# First home, Huntsman wood burner questions and advice.



## Chevy Power (Oct 22, 2013)

I closed on my house almost a month ago and have been and still am very busy.  It is getting cooler here in northeast Ohio.  I took a lot of pictures, you can see the floor has hardibacker on it, which is a whole other story that I do not have a lot of back details on.  I can only make educated guesses, the woman was selling the house because her husband left her and I assume he tried to install tile on this fairly uneven floor.  Some leveling and a laminate in this section is in order for now.  

Now the reason I came here was to get a few ideas on what I have, and to post a lot of pictures to get some info and advice clearances and the quality of this wood burner.  I normally do this research before posting but time is slim and the cold is coming.  

 Here are a many pictures.  Thanks to all who help,   Matthew.





This had a lot of ashes in it I cleaned it out and never took the partially charred log out.




I am a fitter/welder and it is hard to tell from this pic but it looks to be some poorly made stick welds




Front inside view




Looks to be a small gap where you can see dust.  The outside and attic section look to be in great shape.  




Back right wall clearance




Height above floor




Back left wall clearance




Left side stove pipe clearance












Here you can sort of see how the right corner of the stove overhangs the entry way to the kitchen.  I am open to ideas and suggestions for finishing this area.  Maybe rip it out, or maybe it is okay finish the floor and enjoy the low gas bills.  




Thanks again!


----------



## EatenByLimestone (Oct 22, 2013)

A couple questions, what is under the hardibacker?

What is behind the stone?

Matt


----------



## 930dreamer (Oct 23, 2013)

If that's real  stone, it wouldn't be considered a combustible would it?
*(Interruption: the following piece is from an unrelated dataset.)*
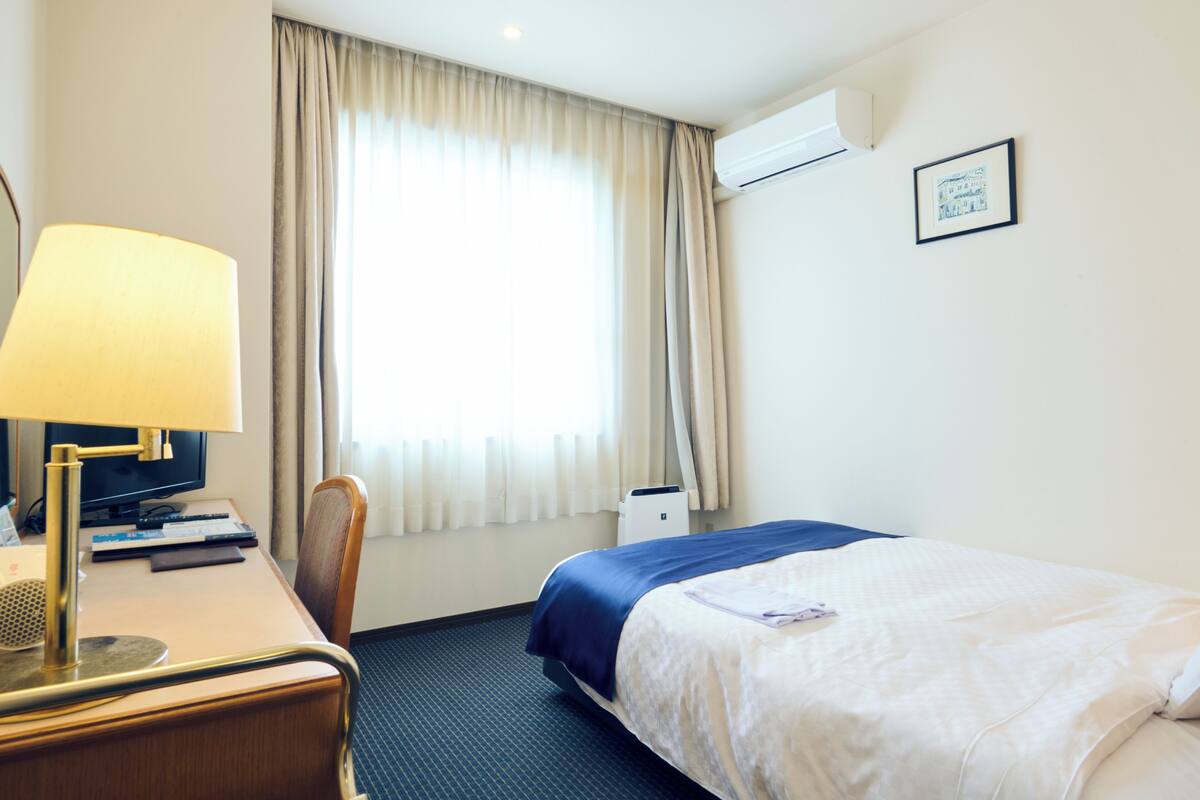 A hotel room with a bed, a desk with a lamp, a chair, a television, and a window with curtains.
The only issue may be the flooring? Congrats on being a home owner. This is a good read.

https://www.hearth.com/econtent/index.php/articles/wood_stove_clearances_installing_it_safely


----------



## EatenByLimestone (Oct 23, 2013)

The stone wouldn't, but if there is wood framing behind it, that would.  

Matt


----------



## MDFisherman (Oct 24, 2013)

Have you looked inside the flue yet?  I would give it a sweep for sure. 

The clearances are for sure tight.  The floor could be easily solved by laying down some type of  2"  thick brick/block/paver that extends past the stove.  You can always set them down dry for now and mortar them in after burning season.  Or use them temporarily until you find something you like and install in the spring.

For the wall clearances, they are too tight.  You need to pull it away from the wall. 

How close is the flue to the wall where it penetrates the ceiling?


----------



## Chevy Power (Oct 24, 2013)

Thanks to everyone for the help, I finally am moved in to the house.  Living out of boxes and figuring out how I managed to accumulate so many things.

I am unsure what is behind the wall, I can assume it is it like the rest of the house, 2x4 construction, near the bottom of the wall I can see mesh that was installed behind the stone.  I have not looked inside the flue.  It is a straight shot out, I will inspect it before I have a fire.  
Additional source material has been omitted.